Pour le reste du monde, lors de visites, j’ai repéré des terroirs de qualité au Chili, en Afrique du Sud, dans le Trentin et le Frioul italien, dans certains secteurs du Palatinat allemand, qui n’attendent que des progrès de civilisation et de conscience gastronomique pour que les vins les expriment avec plus de précision et d’éloquence.

 

Notes de dégustation

Par Christina Carranco

 

Corofin, Settlement Vineyard East Slope Pinot Noir, 2016 (Marlborough – Nouvelle Zealand)
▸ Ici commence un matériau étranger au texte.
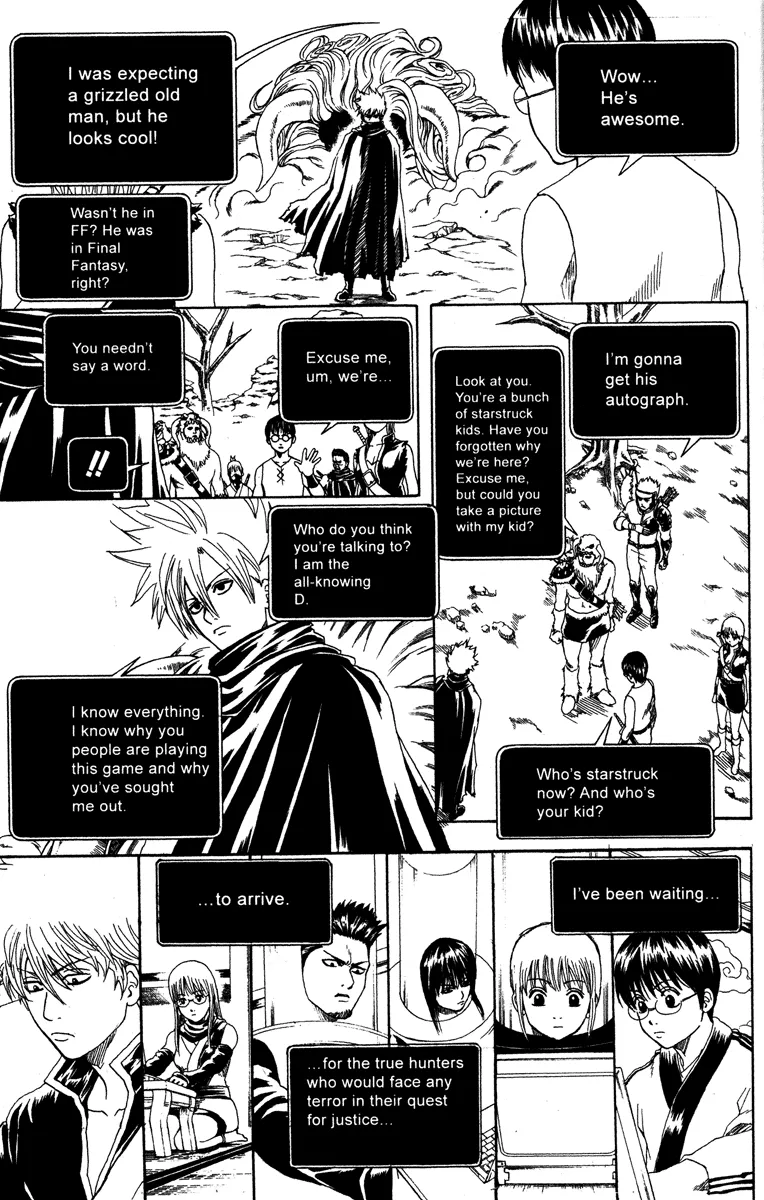 Read Gintama EN Manga Online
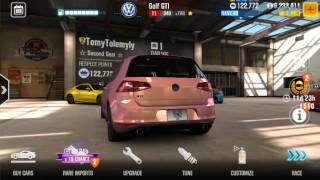 CSR2 beat Konduits Golf GTI MK1 car TEMPE5T Challenge [upl. by Uahsoj]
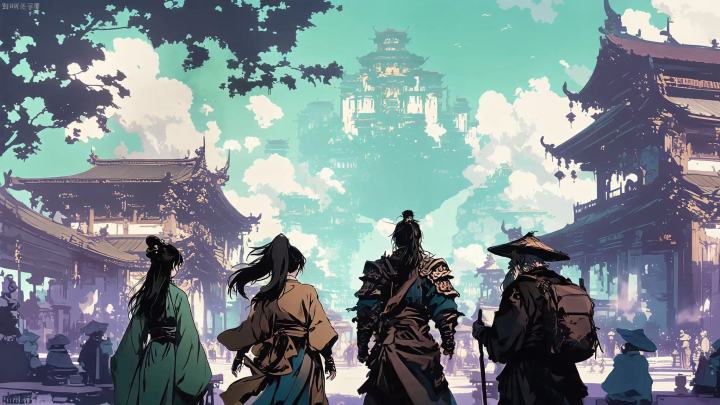 【仙路札记】碧月伶人篇:伶歌时,千山独坐截图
Domaine “boutique”  familiale spécialisée dans la production des micros cuvées, dans les meilleurs terroirs d’Omaka Valley dans le  Marlborough. Ce vin se pare d’une robe rubis intense avec un bouquet qui s’ouvre aux senteurs d’airelles, roses fanées, de fines épices en fin de bouche.

 

Redford Dale, Elgin,  Freedom, 2018 ( Stellenbosch- Afrique du Sud)

Issu d’un des terroirs plus froids d’Afrique du Sud l’Elgin, cette cuvée est bâtie sur la finesse. Au nez des arômes nobles de petits fruits rouges et de violettes, tout ceci accompagne des  légères nuances sous-bois. La bouche est ample accompagnée des tanins soyeux. Finale minérale.

 

Perrot-Minot Morey Saint Denis, Rue de Vergy, 2017 (Bourgogne)

Un 1er cru  mythique dont les parcelles bordent celles du Clos du Tart. Un nez complexe et élégant qui s’exprime sur les framboises et  fruits de bois, bouche concentrée mais soyeuse, tanins effilées et harmonieux. Il a besoin d’au moins 2h d’ouverture avant dégustation. Longueur remarquable.

 

Lucy Margaux, Adelaide Hills, Noir de Fleurette, 2019  (Australia)

Vin naturel et biodynamique  qui appelle le printemps. Ce pinot noir atypique surprend par sa belle couleur rose pale, le bouquet  dévoile des  notes gourmandes de fleur d’oranger, fraises et même une pointe d’agrumes. Le milieu de bouche est croquant et la finale suave et acidulée. A boire jeune et légèrement frais.

 

Champagne Waris et Filles, Blanc de Noirs N/V

Domaine familial de seulement 7 hectares, propose un champagne 100 % pinot noir dont la robe éclate en brillance. Les bulles sont fines et persistantes. Au nez les arômes de coing, brioche et noisette sont séduisants et on les retrouve aussi en bouche. La finale est tonique et persistante.